Andrew Hume <andrew(a)humeweb.com> writes:
i’m sure there are standing references to all this.
but as i recall,
the 5ESS was a more or less local switching system.
the guts of the long distance network were embedded in the (roughly) 140 1ESS’s. they
ran
a completely separate (and substantially older) code that supported things like SS7
(signaling code
that was NOT embedded in the voice channel). the 1ESS was a complex piece of equipment.
my interaction with this was tangential. throughout the 1980-90s, i had a tight grip on
how
accounting messages were handled within AT&T and wrote some C code that handled a
a transition from one level of the standard software to another level. and that code ran
inside
the 1ESS.
but this was a long time ago.
> On Sep 25, 2023, at 6:24 PM, segaloco via TUHS <tuhs(a)tuhs.org> wrote:
>
> Hello, my studies lately bring me to the question: Are there any extant examples of
telephone switching software, built on UNIX, from the various parts of the Bell System
prior to the introduction of the 5ESS and 3B20D? My focus veers earlier as some
5ESS/3B20D/DMERT technology is still in active use, that sleeping dragon can lie.
>
> What's gotten me curious is reading about 1ESS in a BSTJ volume I picked up,
noting the particulars on how previous concerns of manual and electro-mechanical systems
were abstracted into software. Even without surviving examples, were previous systems
such as the 1ESS central control ever ported to or considered for porting to UNIX, or was
the hardware interface to the telco lines too specific to consider a future swap-out with,
say, a PDP11 running arbitrary software?
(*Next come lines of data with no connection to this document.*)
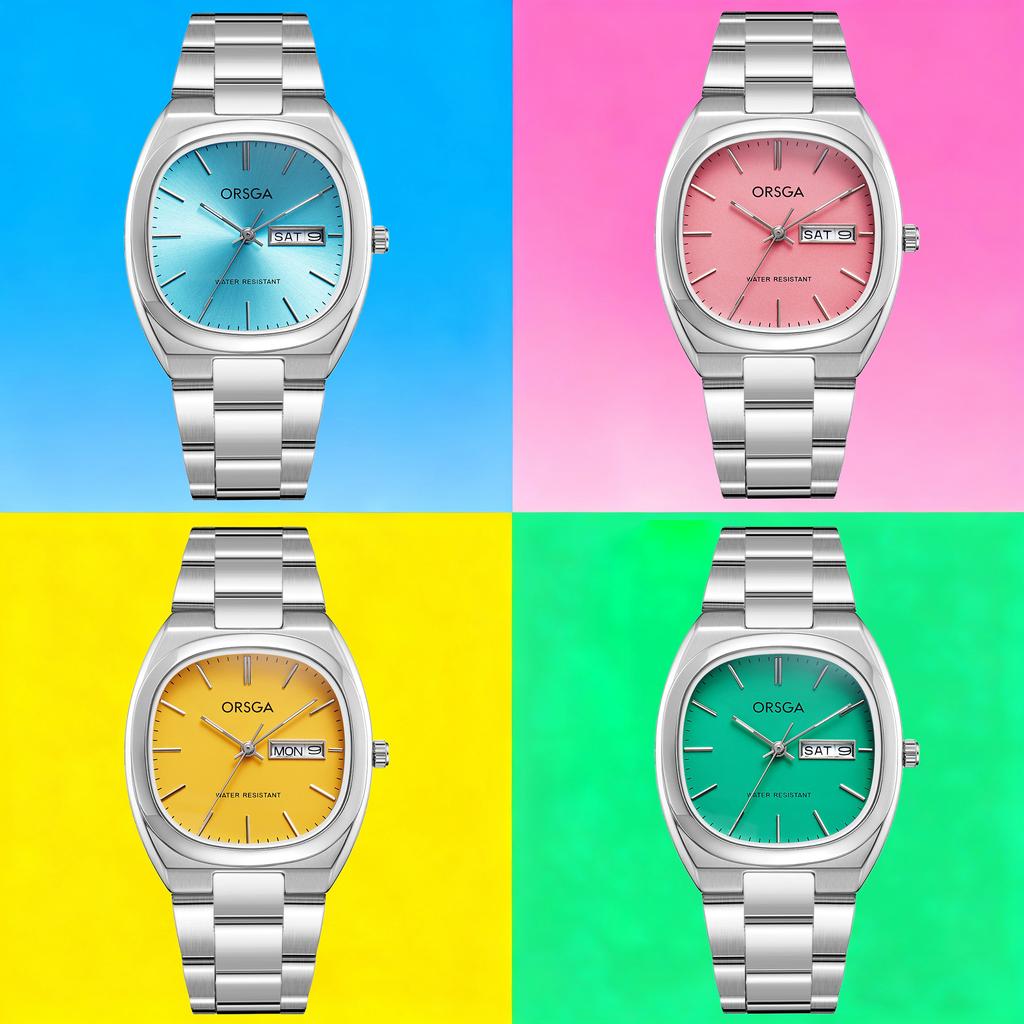 Elegant Women Wristwatch Waterproof Luminous Calendar Ladies Watch Square Stainless Steel Quartz Women's Watches Female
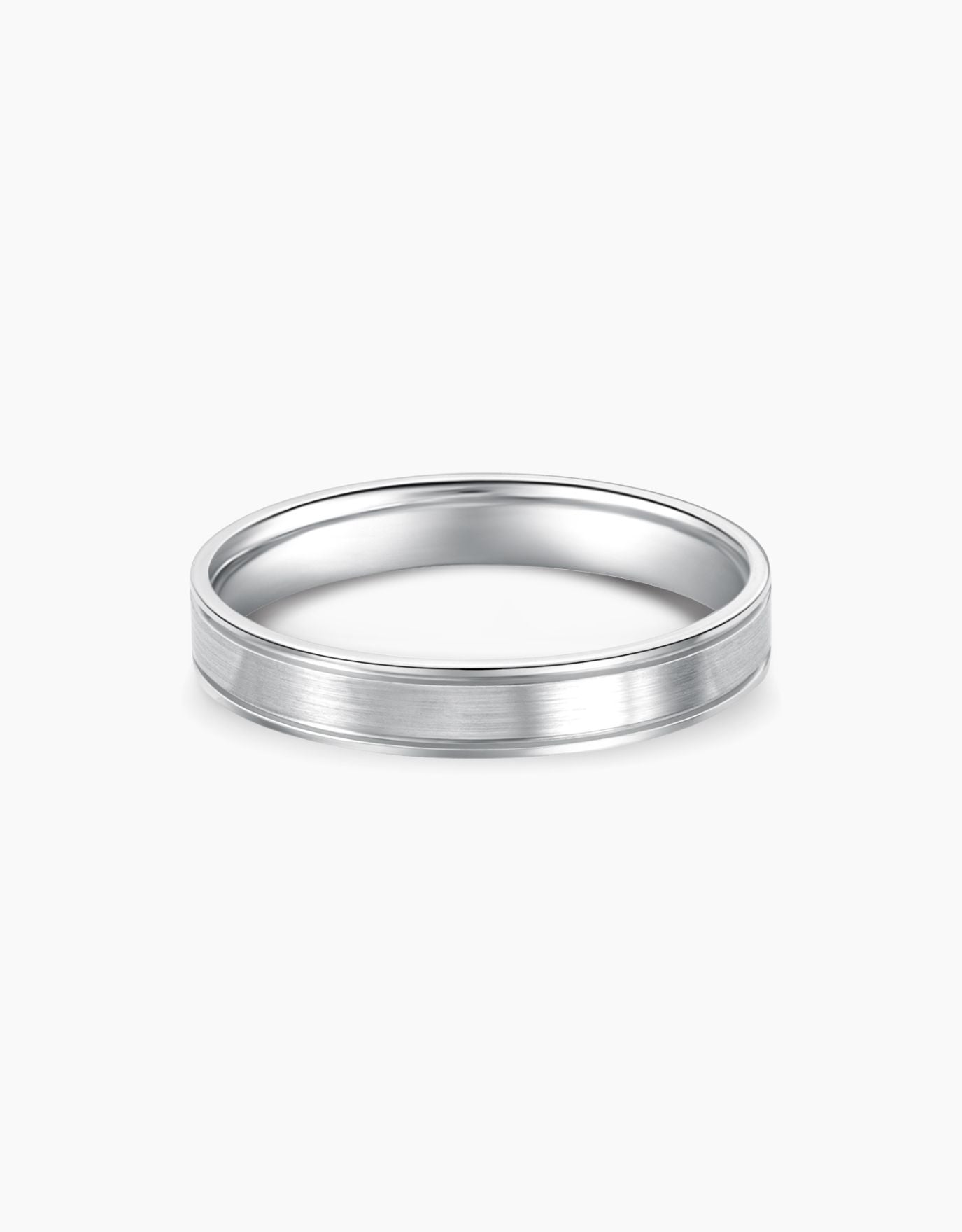 LVC men wedding ring crafted using platinum for it to be strong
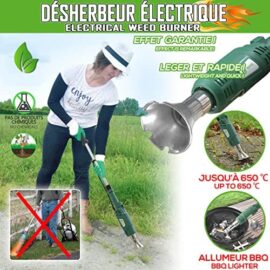 VOUNOT Désherbeur Electrique Pistolet 2000W avec Cordon et 2 Buses Brûleur électrique de mauvaises herbes Allume Charbon Désherbant Brûleur 3 en 1 Pour Jardin Barbecue Bricolage VOUNOT Désherbeur Electrique Pistolet 2000W avec Cordon et 2 Buses Brûleur électrique de mauvaises herbes Allume Charbon Désherbant Brûleur 3 en 1 Pour Jardin Barbecue Bricolage 3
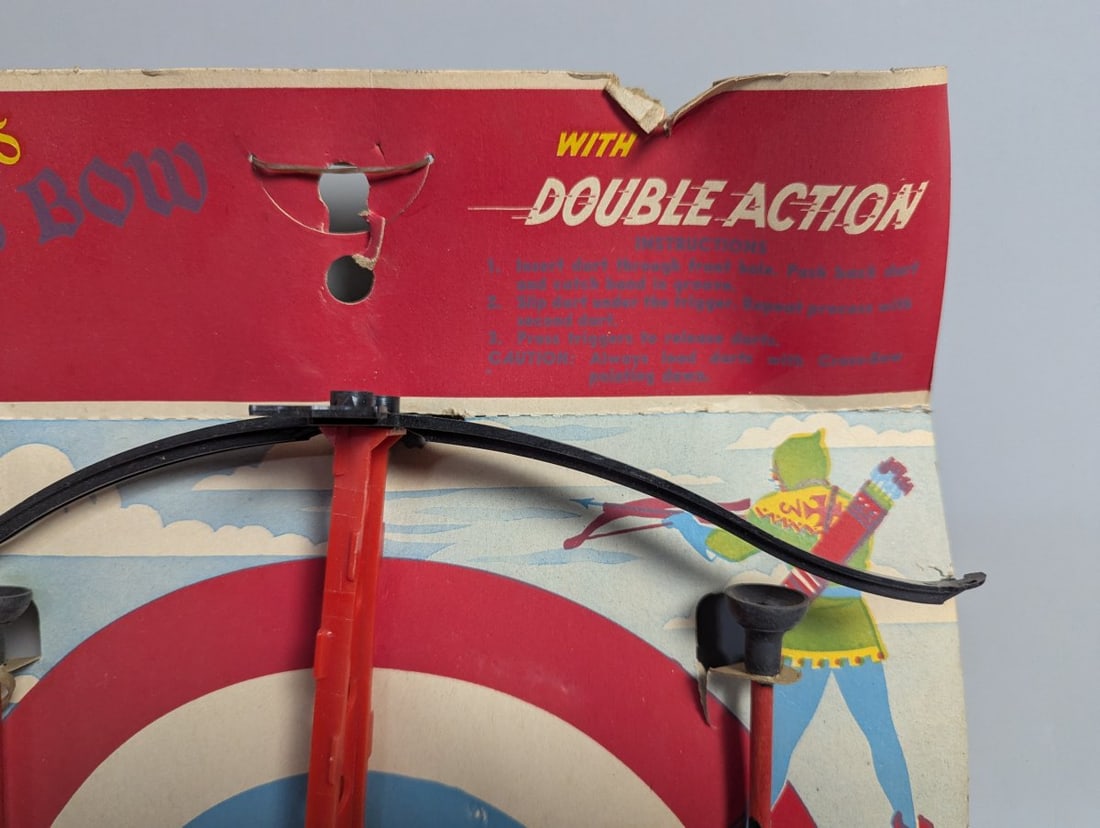 Vintage Multiple Products Corp Crusader's Cross Bow Toy Set New Old Stock Rare Collectible - 3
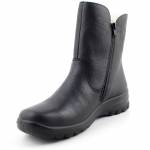 RIEKER Z7172-00 TEX czarne kozaki damskie jz23
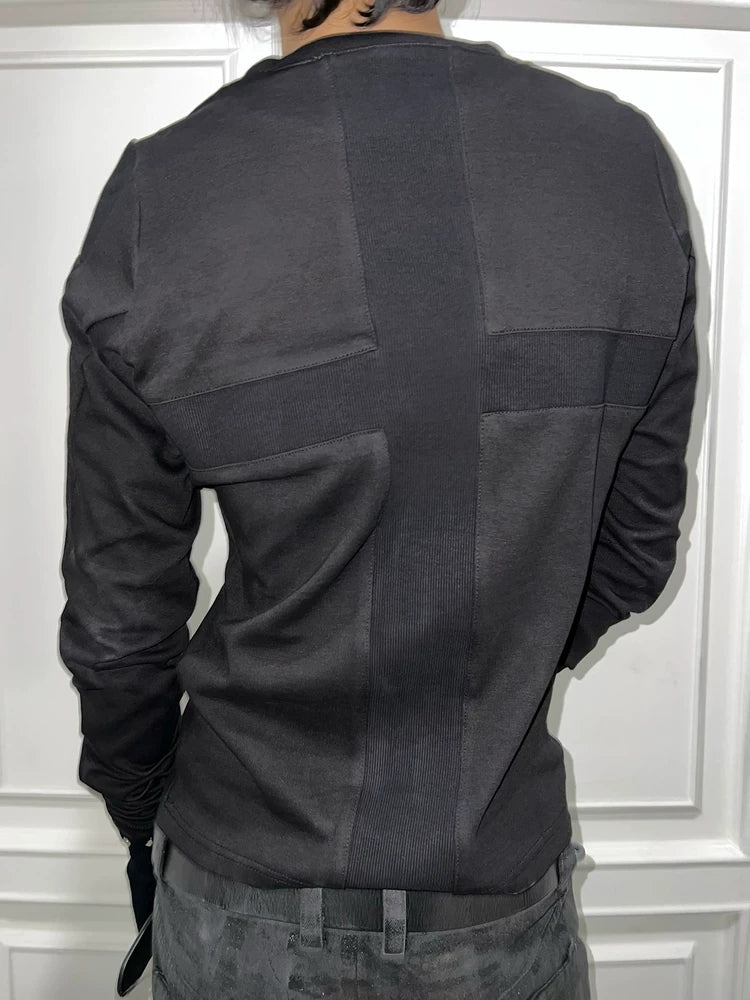 ELASTIC DARK STYLE LONG SLEEVE TEE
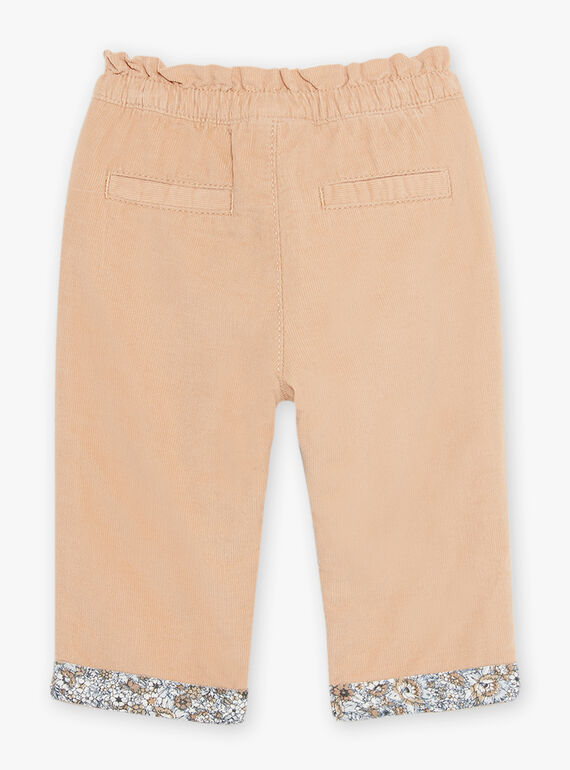 Pantaloni beige in velluto a costine DAREGINE / 22H1BFY1PANI820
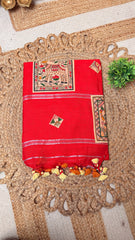 Madhubani Premium Slub Cotton Saree (SU 799)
Columbus's SCCS (switching, not source
code) also comes to mind, although all I know that survives of that is the CB-UNIX 2.3
manual descriptions of bits and pieces.
>
> By the way, it's funny, I have UNIX to thank for my current experiments with
telephones and other signalling stuff, what with making me study the Bell System more
generally. It's starting to come full circle in that I want to take a crack at
reading dialing, at least pulse, into some sort of software abstraction on a SBC that can,
among other things, provide a switching service on top of a UNIX-like kernel. I
don't know what I'd do with such a thing other than assign work conference call
rooms their own phone numbers to dial with a telephone on a serial line...but if I can
even get that far I'd call it a success. One less dependency on the mobile...
>
> - Matt G.
So... I am speaking from a single point of view about stuff I worked on
a very long time ago....
On the operations support system I worked on at AT&T/Lucent... we
supported all manor of switches, all of those made by AT&T/Lucent and a
whole lot made by other companies. This is what I recall...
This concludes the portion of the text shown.